### Exercise prompt
In this exercise, the entries below include pictures. Repeat exactly the lines from the line with "Karin Luna In" to the line with "Juyace 300W LED", including both, but without the pictures.

═════ Material provided ═════

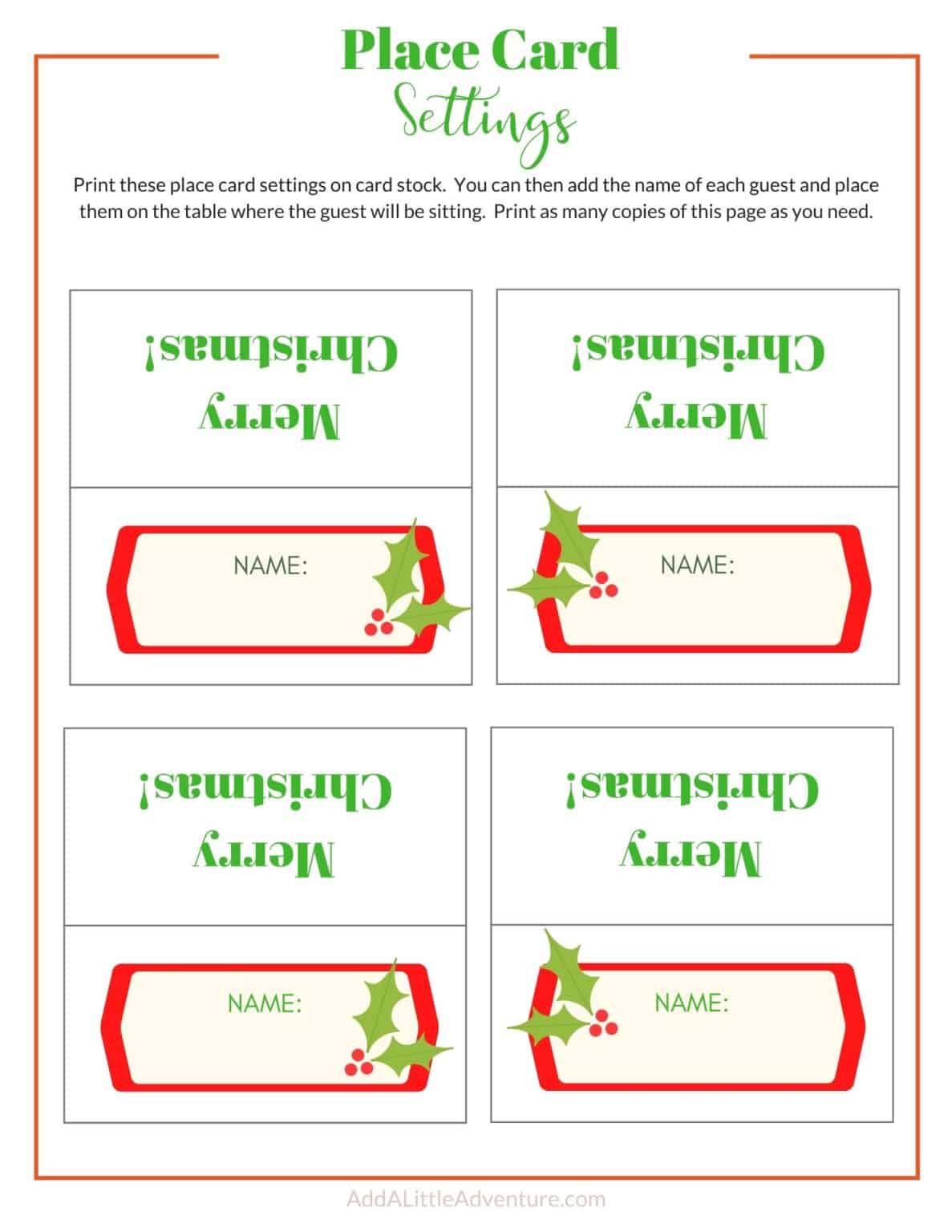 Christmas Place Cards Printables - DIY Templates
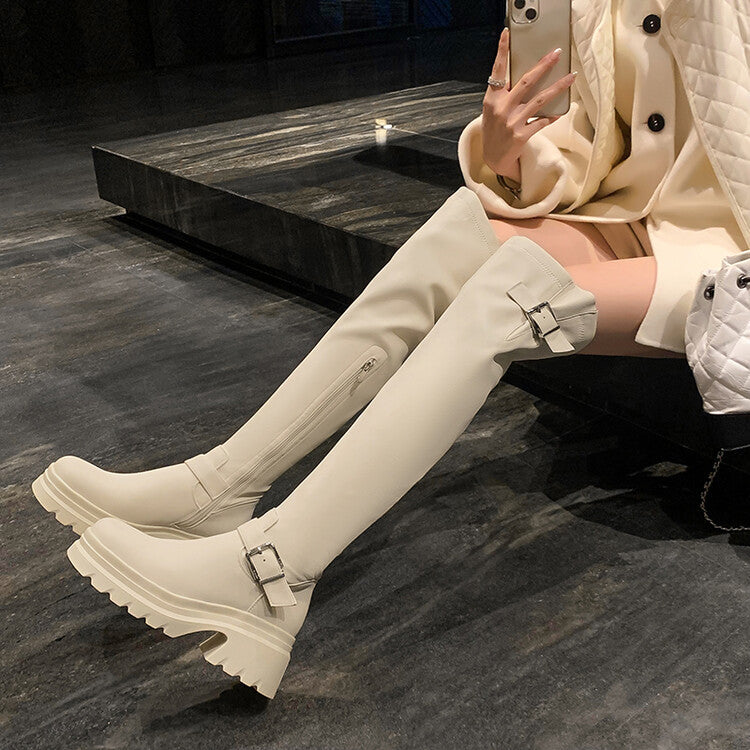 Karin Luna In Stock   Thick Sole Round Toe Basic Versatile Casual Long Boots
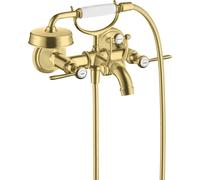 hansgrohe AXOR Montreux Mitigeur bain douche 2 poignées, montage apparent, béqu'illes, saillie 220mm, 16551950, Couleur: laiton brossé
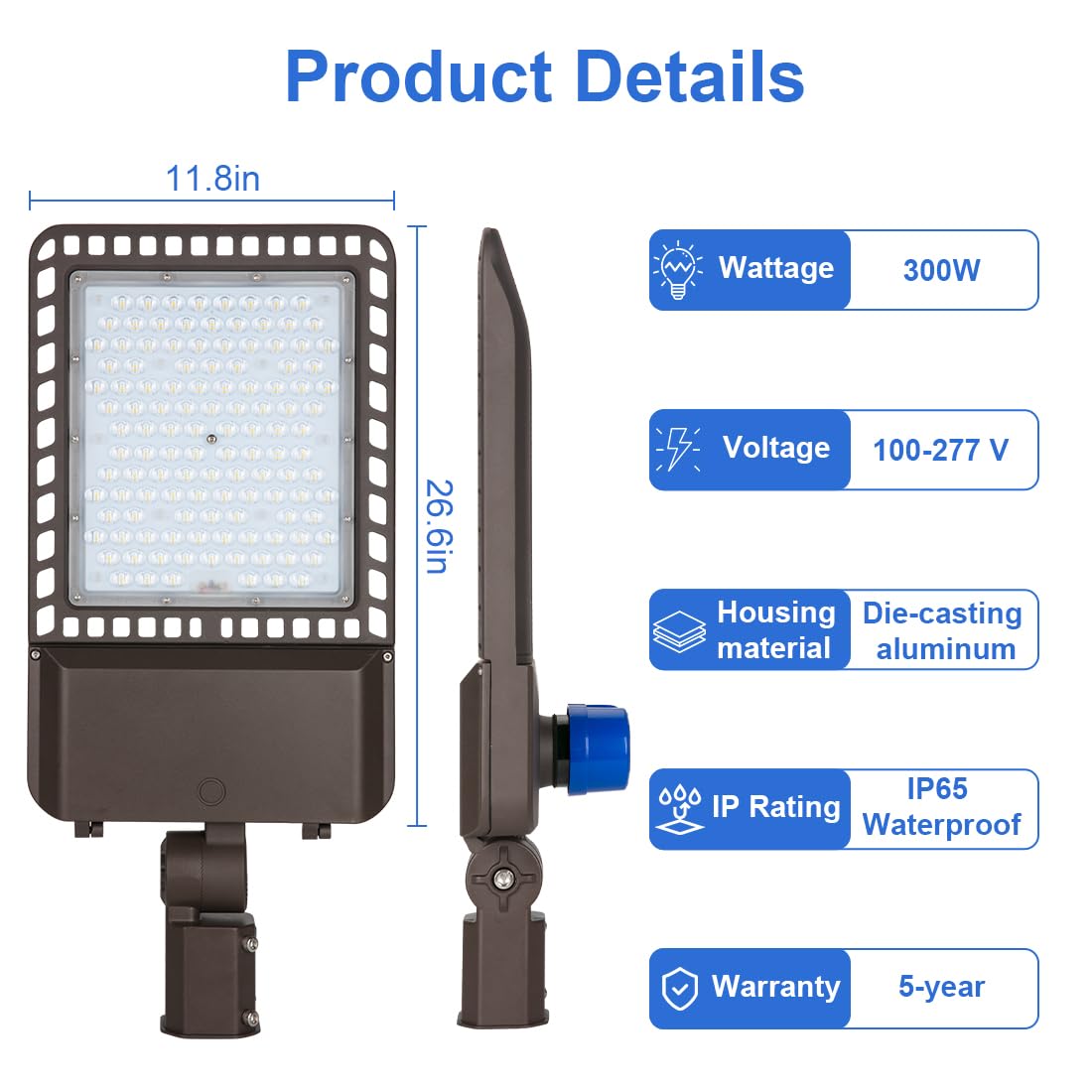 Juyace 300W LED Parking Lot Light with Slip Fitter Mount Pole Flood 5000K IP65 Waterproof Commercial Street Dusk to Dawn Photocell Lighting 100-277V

═════
═════ Material provided ═════

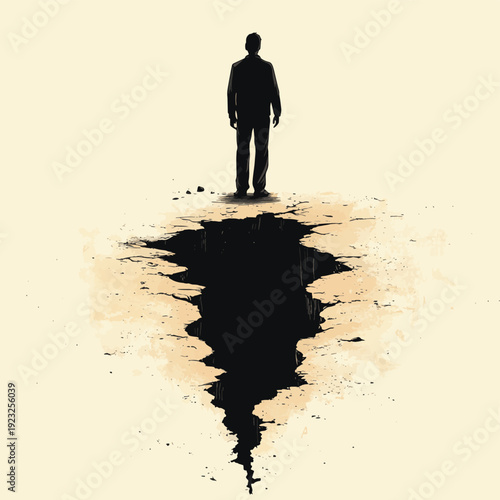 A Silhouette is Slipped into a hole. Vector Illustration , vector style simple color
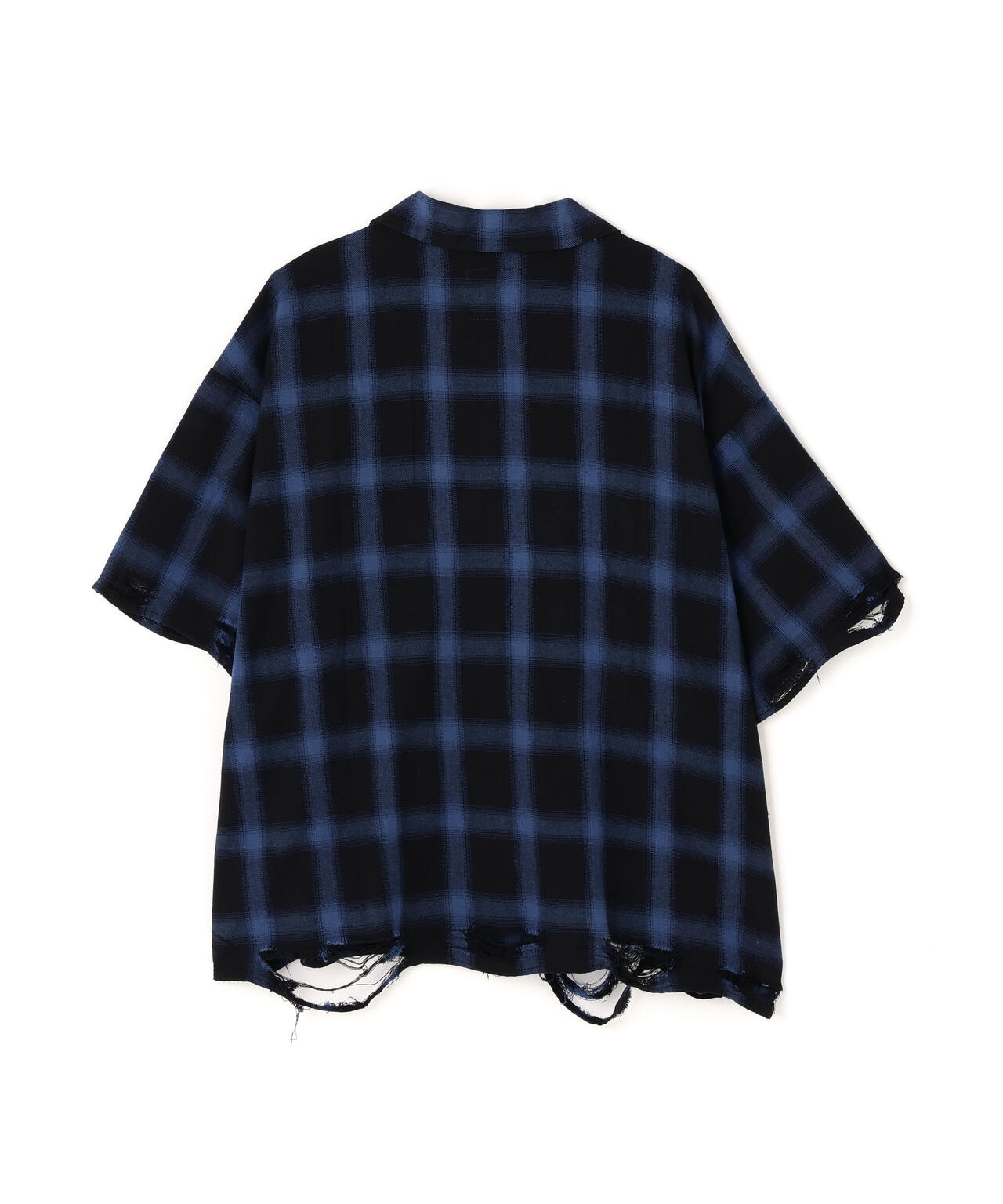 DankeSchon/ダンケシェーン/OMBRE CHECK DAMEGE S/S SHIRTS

═════

### Completed exercise
 Karin Luna In Stock   Thick Sole Round Toe Basic Versatile Casual Long Boots
 hansgrohe AXOR Montreux Mitigeur bain douche 2 poignées, montage apparent, béqu'illes, saillie 220mm, 16551950, Couleur: laiton brossé
 Juyace 300W LED Parking Lot Light with Slip Fitter Mount Pole Flood 5000K IP65 Waterproof Commercial Street Dusk to Dawn Photocell Lighting 100-277V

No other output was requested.